Its the so called ‘healthy‘ indulgences that trip me up.

  • Nuts
  • Fruit
  • Whole grains (gluten free)
  • Rice cakes
  • ‘Health’ bars (DL made)
  • Dried fruit (no sugar)

I can eat all of these things, but in small amounts. Just because it is ‘good‘ it doesn’t mean I should eat half a jar of nut butter in one sitting, have 5 apples a day, or snack on a ‘health‘ bar in between meals because I am feeling sad or lonely.

Even when I eat them in small amounts I have to be cognizant of the amount that I choose and not let myself have more.

The tiniest amount of more, even an eensy, weensy bit, results in an avalanche of overindulgence. Time pauses and for a single moment in time I feel like I am in control. I feel satisfied. I feel empowered.

Unfortunately those feelings are fleeting and in it’s wake an emotionally distraught women with even more demons to battle is left behind.

I am learning the triggers with food.

Why can’t I learn this with what I tell myself?

Mondo diatribe about how I am horrible and there is nothing good about me? ‘Ummm…no thank you.

I know better than than to chastise and berate myself now. I have no desire to go there anymore, not even a little bit.

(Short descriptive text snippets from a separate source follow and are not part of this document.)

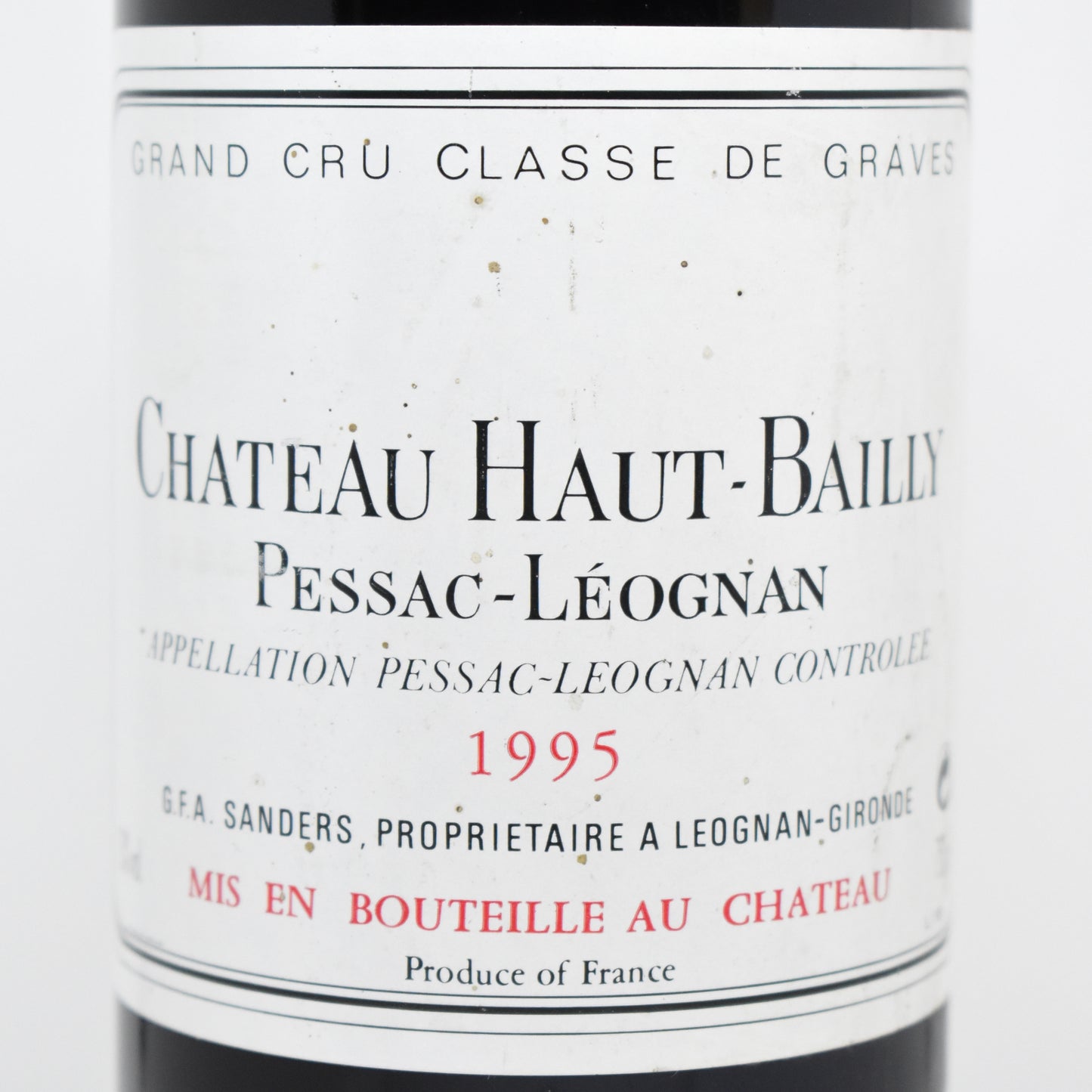 Château Haut-Bailly 1995 - Pessac-Léognan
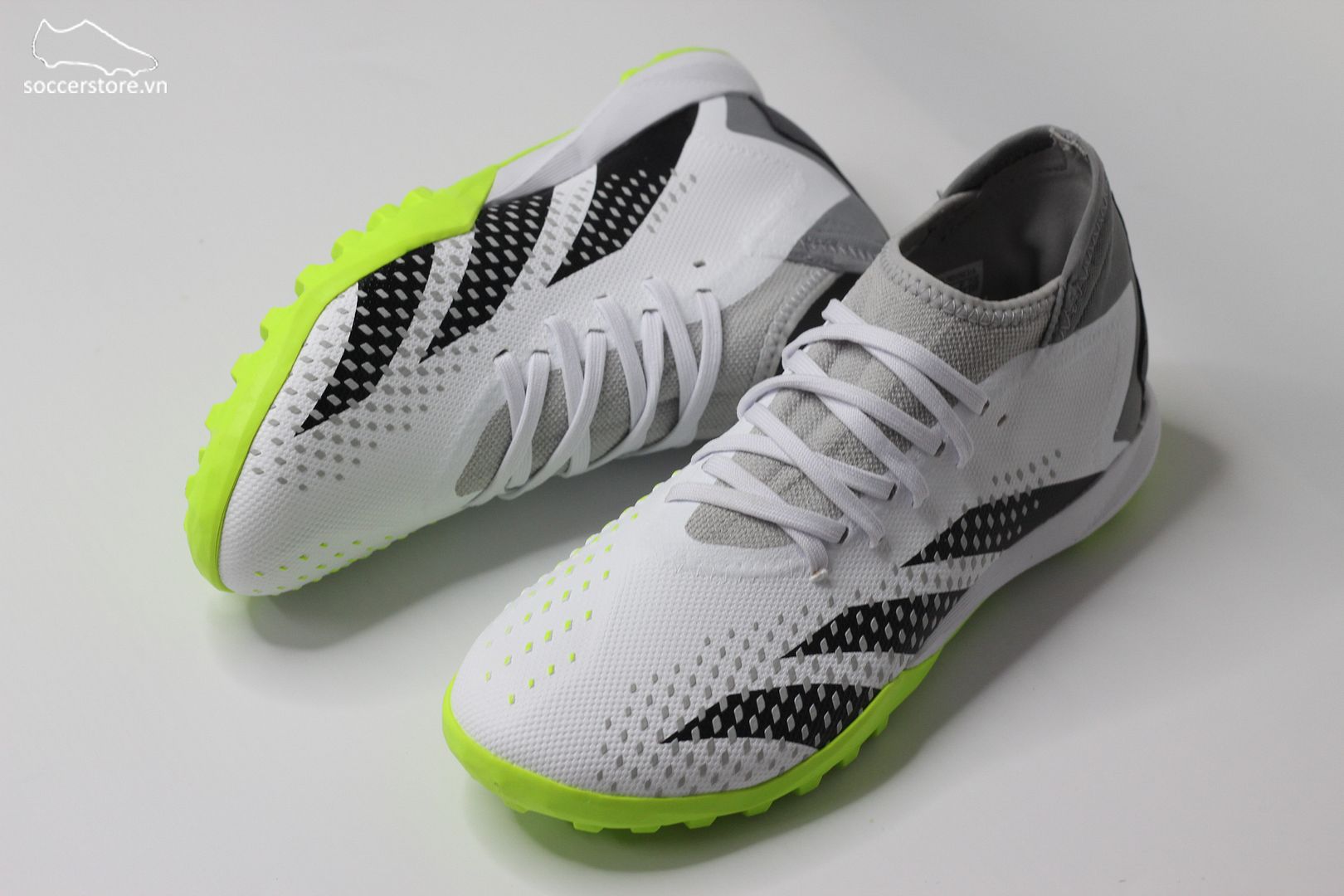 Adidas Predator Accuracy .3 TF Crazyrush pack màu trắng đế xanh GZ0004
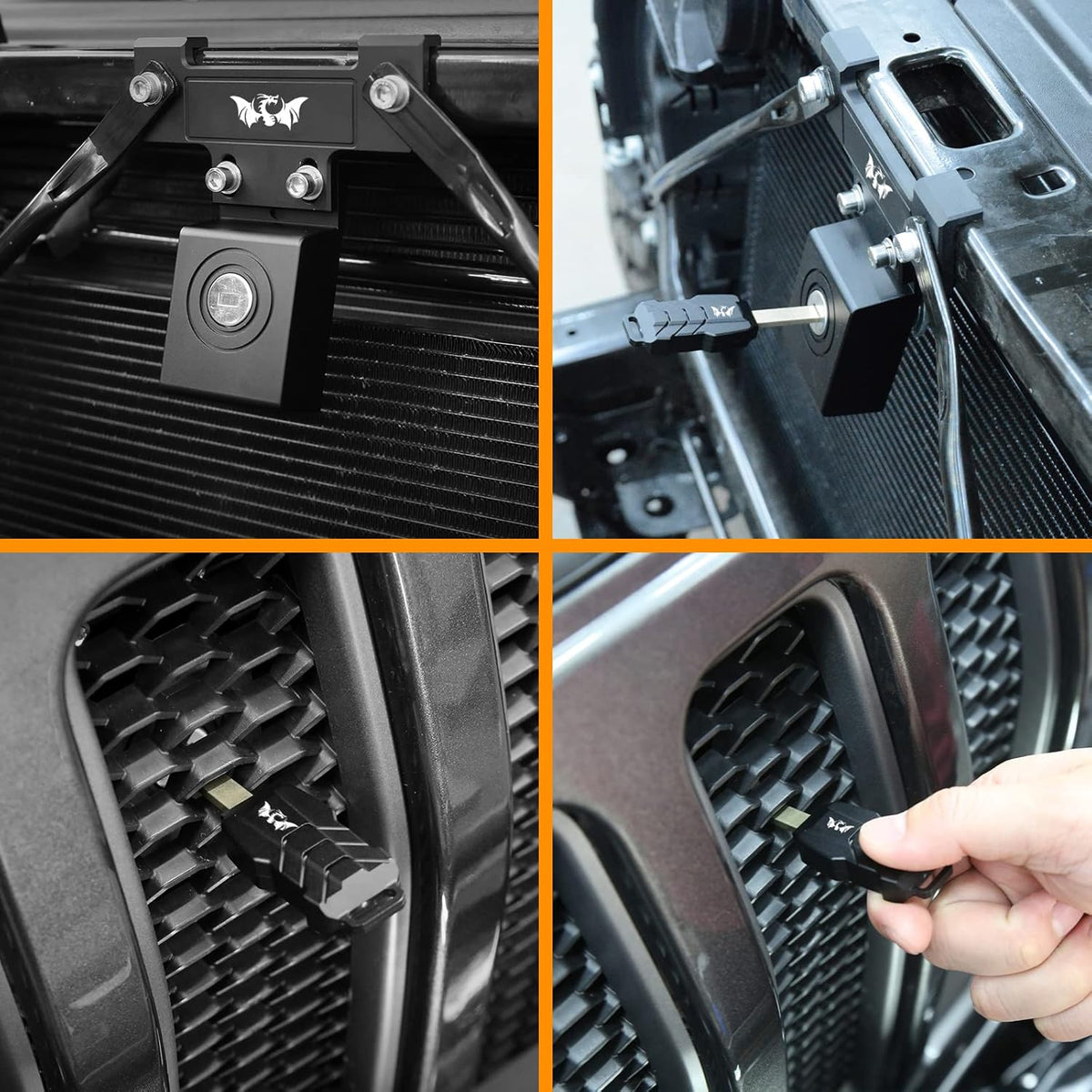 Hood Lock Kit for Jeep Wrangler JL Gladiator O83503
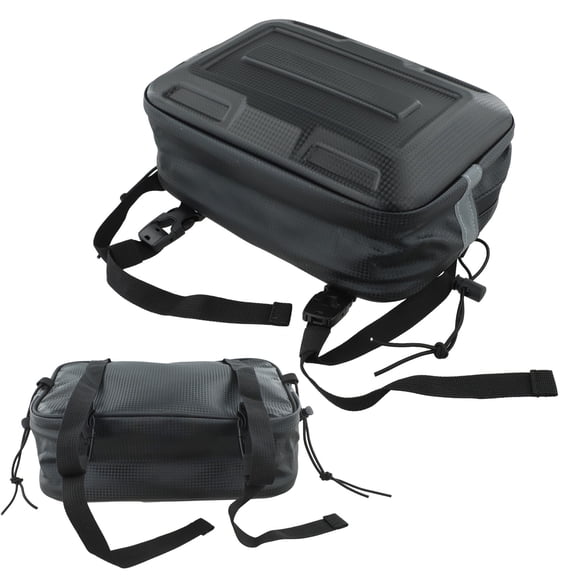 Wodtesl Electric Bicycle PVC Storage Bag Mounts on Front Side or Rear 6L Capacity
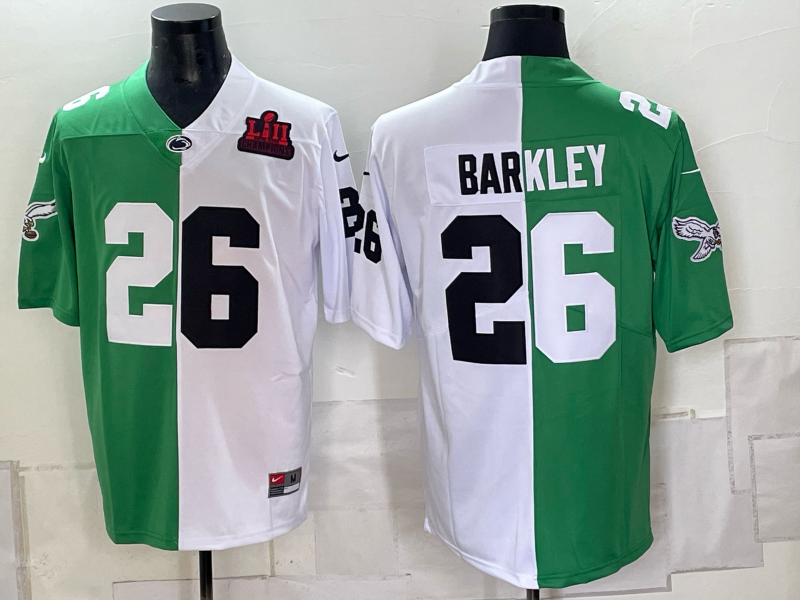 Men 2026 Philadelphia Eagles #26 Barkley green Nike Limited NFL Jersey 0924002->tennessee titans->NFL Jersey
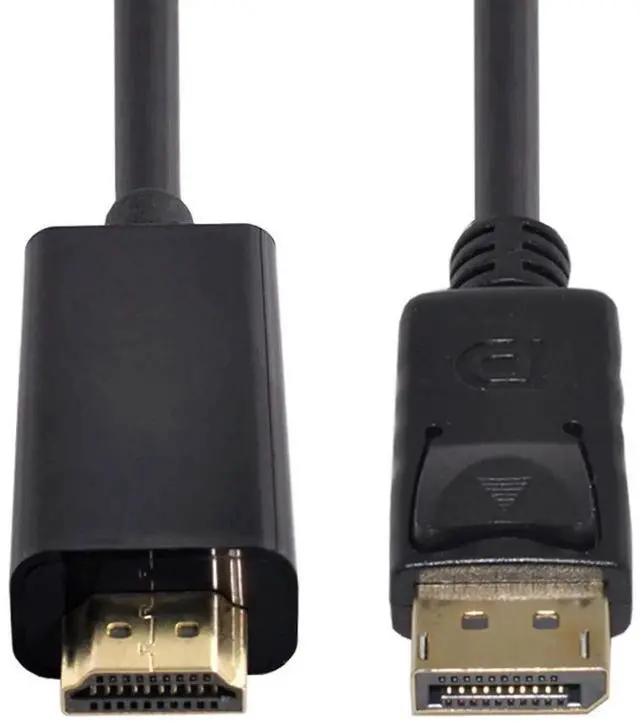 Main image of DisplayPort to HDMI Display Cable,Gold-Plated DisplayPort Male to HDMI Male Uni-Directional Adapter 1920x1200 1080P 6ft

Its the so called ‘healthy‘ indulgences that trip me up.

  • Realism
  • Caution
  • Critique
  • Comparison

I definitely need these in small amounts to be healthy, but I just need a bit of  them. When I start to overindulge in these thoughts depression, self loathing, fear, an extreme lack of self confidence, and a hoarding mentality sets in quicker than you can say ‘Figure Competitor‘!

Vegetables and positive thinking are two things you can’t seem to go overboard on. Somehow your body just knows when you’ve had enough of both. When you’re full of them you sit back satisfied and happy; not bloated and discouraged.

What thoughts do you choose to binge on?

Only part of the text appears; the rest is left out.